Kaderimiz doğduğumuz evde mi yazıldı?
Ne olacağımızın doğduğumuz evde (ülke şehir, köy) yazıldığı, sıkça konuşulup yazılıyor. Farklı disiplinlere (felsefe, din, psikoloji vs) ait metinleri “İnsanın doğasını” anlama yolculuğu(m/n)da okumaya çalışıyorum. Bu konudaki düşüncemi yazının sonuna bırakarak son olarak okuduğum “Kaderimizi anlamanın sırları” başlıklı bir köşe yazısından söz edeceğim (bk. (https://www.hurriyet.com.tr/yazarlar/dr-gulseren-budayicioglu/kaderimizi-anlamanin-sirlari-41908067). Yazıda anlatılanlardan ilgimi çekenler (veya sorular) şu kısımlardı:
Sorular
“Ülkemizin, ailemizin, sülalemizin
geçmişte yaşadıkları da etkiler kaderimizi. Anamız, babamız, dedemiz, ninemiz,
onların da dedeleri nineleri ne yaşamış, nerede yaşamış, nasıl yaşamış? Başlarına
ne gelmiş de ne gelmemiş? Hangi coğrafyanın evladısınız: soğuk ve karanlık bir
ülkede mi dünyaya geldiniz; sıcağı çok, suyu az bir yerde mi? Varlıklı bir evde
mi, yoksul bir evde mi doğdunuz? Anneniz babanız sağ mıydı? Aile dört gözle
sizi beklerken başlarına olmadık bir iş mi geldi? Aileniz kavga eder miydi? Çocukken
hiç dayak yediniz mi?”
Bu
sorularda sonra yazar hükmünü veriyor:
“Kaderimiz aslında doğduğumuz evlerde yazılır.
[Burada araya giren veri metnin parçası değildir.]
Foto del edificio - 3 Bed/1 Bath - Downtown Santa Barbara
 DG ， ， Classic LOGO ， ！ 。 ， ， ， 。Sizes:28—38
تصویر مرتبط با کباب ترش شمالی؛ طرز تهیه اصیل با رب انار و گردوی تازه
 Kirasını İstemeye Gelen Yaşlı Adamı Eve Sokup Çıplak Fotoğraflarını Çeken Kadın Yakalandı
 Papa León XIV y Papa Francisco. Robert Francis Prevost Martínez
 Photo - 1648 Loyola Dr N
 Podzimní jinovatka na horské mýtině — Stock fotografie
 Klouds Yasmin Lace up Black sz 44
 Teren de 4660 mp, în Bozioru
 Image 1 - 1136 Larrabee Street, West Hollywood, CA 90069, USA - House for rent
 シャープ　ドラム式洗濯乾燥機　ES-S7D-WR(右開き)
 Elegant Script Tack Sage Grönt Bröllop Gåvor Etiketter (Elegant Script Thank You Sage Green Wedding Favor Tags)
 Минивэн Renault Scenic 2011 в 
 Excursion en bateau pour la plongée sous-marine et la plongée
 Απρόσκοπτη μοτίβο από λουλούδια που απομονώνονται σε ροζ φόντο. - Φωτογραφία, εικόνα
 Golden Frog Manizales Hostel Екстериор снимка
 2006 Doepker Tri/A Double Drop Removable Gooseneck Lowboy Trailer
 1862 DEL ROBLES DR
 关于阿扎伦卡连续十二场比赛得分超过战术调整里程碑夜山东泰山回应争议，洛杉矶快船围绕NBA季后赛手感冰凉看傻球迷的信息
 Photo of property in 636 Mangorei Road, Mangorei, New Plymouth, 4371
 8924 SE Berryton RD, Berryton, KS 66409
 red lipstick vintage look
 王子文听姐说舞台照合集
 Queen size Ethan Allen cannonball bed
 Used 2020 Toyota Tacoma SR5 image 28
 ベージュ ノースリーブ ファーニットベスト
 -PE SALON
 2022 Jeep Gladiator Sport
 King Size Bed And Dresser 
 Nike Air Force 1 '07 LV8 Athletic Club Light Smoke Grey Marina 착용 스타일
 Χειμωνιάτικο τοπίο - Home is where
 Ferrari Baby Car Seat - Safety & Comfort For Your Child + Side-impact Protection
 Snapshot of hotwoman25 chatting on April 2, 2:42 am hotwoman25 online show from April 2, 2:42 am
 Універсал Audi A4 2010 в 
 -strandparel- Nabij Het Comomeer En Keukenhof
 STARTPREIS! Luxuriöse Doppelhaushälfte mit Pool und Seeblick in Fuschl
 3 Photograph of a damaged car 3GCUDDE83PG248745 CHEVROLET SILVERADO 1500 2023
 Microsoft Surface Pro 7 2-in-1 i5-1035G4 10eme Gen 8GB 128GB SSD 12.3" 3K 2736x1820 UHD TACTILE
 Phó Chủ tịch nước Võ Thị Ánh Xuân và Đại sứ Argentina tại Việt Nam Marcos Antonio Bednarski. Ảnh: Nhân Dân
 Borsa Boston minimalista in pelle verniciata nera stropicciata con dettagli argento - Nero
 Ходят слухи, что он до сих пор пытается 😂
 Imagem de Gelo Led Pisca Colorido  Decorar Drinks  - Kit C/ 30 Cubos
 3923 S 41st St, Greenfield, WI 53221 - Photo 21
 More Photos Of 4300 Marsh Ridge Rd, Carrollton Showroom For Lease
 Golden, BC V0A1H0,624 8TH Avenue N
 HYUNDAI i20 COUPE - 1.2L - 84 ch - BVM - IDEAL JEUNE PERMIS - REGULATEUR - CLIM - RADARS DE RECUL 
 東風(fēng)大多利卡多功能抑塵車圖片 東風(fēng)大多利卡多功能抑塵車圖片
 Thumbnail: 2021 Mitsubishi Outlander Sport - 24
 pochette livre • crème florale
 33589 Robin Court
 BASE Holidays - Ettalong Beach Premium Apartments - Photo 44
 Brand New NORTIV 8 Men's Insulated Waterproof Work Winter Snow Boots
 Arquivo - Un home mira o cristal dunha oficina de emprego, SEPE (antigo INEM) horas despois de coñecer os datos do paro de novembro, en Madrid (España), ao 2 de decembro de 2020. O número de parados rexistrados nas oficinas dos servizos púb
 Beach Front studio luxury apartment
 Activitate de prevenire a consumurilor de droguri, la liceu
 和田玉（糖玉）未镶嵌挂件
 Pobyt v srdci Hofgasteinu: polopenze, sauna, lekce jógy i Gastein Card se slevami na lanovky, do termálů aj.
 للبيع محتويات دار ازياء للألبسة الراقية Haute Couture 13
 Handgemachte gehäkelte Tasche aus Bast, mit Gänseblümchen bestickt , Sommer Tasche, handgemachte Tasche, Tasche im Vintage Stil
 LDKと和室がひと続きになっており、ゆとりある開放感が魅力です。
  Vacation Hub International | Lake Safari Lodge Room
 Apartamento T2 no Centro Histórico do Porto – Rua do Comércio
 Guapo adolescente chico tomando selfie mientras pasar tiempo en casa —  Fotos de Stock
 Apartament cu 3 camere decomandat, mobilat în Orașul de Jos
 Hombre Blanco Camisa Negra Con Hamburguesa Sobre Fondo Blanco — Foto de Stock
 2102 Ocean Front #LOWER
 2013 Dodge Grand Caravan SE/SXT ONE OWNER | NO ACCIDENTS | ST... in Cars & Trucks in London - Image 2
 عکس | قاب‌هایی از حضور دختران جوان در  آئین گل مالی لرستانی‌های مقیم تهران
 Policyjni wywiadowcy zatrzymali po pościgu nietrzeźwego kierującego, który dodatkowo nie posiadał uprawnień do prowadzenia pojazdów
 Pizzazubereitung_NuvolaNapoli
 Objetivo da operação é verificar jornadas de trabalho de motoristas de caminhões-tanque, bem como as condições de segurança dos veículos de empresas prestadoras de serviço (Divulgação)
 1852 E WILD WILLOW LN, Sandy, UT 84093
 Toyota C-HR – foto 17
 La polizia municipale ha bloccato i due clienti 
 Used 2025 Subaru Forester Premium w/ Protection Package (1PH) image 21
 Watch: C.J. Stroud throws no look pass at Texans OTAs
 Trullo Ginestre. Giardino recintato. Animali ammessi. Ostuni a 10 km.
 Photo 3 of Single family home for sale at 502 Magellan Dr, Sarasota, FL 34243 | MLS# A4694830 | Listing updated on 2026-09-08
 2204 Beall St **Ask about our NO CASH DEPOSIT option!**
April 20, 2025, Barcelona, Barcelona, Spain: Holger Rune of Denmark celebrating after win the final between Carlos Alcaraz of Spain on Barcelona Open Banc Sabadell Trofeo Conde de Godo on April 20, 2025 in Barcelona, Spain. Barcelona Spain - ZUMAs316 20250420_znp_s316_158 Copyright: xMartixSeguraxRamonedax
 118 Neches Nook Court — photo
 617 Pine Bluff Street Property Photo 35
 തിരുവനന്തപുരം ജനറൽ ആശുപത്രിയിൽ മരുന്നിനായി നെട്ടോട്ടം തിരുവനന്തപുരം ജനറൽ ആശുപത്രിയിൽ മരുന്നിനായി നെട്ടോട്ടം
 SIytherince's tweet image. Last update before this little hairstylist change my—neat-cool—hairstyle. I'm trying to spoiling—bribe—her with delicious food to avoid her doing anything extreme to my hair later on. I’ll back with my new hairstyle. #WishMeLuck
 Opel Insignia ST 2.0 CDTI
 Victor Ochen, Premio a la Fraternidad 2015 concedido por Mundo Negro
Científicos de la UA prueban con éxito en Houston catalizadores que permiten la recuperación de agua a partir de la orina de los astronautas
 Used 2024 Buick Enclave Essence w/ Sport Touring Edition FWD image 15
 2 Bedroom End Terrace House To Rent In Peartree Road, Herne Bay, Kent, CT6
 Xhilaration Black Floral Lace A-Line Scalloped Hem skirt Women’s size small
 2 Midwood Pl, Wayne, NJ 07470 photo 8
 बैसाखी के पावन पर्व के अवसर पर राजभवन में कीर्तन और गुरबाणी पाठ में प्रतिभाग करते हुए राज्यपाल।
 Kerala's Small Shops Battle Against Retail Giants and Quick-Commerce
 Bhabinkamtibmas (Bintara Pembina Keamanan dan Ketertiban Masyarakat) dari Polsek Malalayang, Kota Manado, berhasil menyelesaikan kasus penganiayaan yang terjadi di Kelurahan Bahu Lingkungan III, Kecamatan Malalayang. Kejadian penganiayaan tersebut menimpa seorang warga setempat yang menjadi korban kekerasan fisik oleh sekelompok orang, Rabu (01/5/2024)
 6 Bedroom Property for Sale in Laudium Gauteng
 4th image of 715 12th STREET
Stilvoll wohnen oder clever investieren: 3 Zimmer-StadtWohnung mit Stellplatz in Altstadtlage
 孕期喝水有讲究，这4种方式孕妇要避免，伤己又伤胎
Önce o evler, sonra da içine girmeye çalıştığımız toplum yaralar bizi. O
yaralarla büyür, sonunda o yaraların bizi götürdüğü yere gideriz. İşte çocukken
alınan o kalp yaraları kimimizi âbâd eder, kimimizi de berbat eder. Marifet kaderimiz güzel olmasa da, hayatın bize
kapattığı kapılara yeni bir anahtar uydurabilmekte...”
Evet,
yazı böyle ama son cümlesi daha yol gösterici nitelikte: Marifet hayatın bize kapattığı
kapılara yeni bir anahtar uydurabilmekte.
Aslında
sorular ve umutsuzluktan sonra daha rehber olacak bir açıklama. Buna biraz
bakalım.
Yeni bir anahtar
Bazı
yaşam ustaları (ör. bazı psikologlar) erken dönem hatalarını çok fazla
önemsemekteler. İnsancıl (Humanist) yaklaşımlar ise insanın “seçme
özgürlüğüne ve sorumluluğuna” önem vermekteler. Bu konularda eklektik
düşünmekle birlikte olumlu yaklaşımları daha fazla tercih etmekteyim. Nitekim
yukarda alıntı yaptığım yazarda aslında erken dönem hatalarına dikkat çekmekle
birlikte bunun aşılabileceğini “yeni bir
anahtar” ile anlatmaya çalışmış. Sanırım kafası karışık değilse O’da benim
gibi biraz eklektik. Nitekim başka bir konuşması ise şu şekilde: “Yetişkin biri artık ebeveynim şöyle yaptı
böyle yaptı dememeli: Böyle yaptıkları için böyleyim. Yetişkin biri kendi
başının çaresine kendisi bakabilmeli; bunu kendimize öğreteceğiz.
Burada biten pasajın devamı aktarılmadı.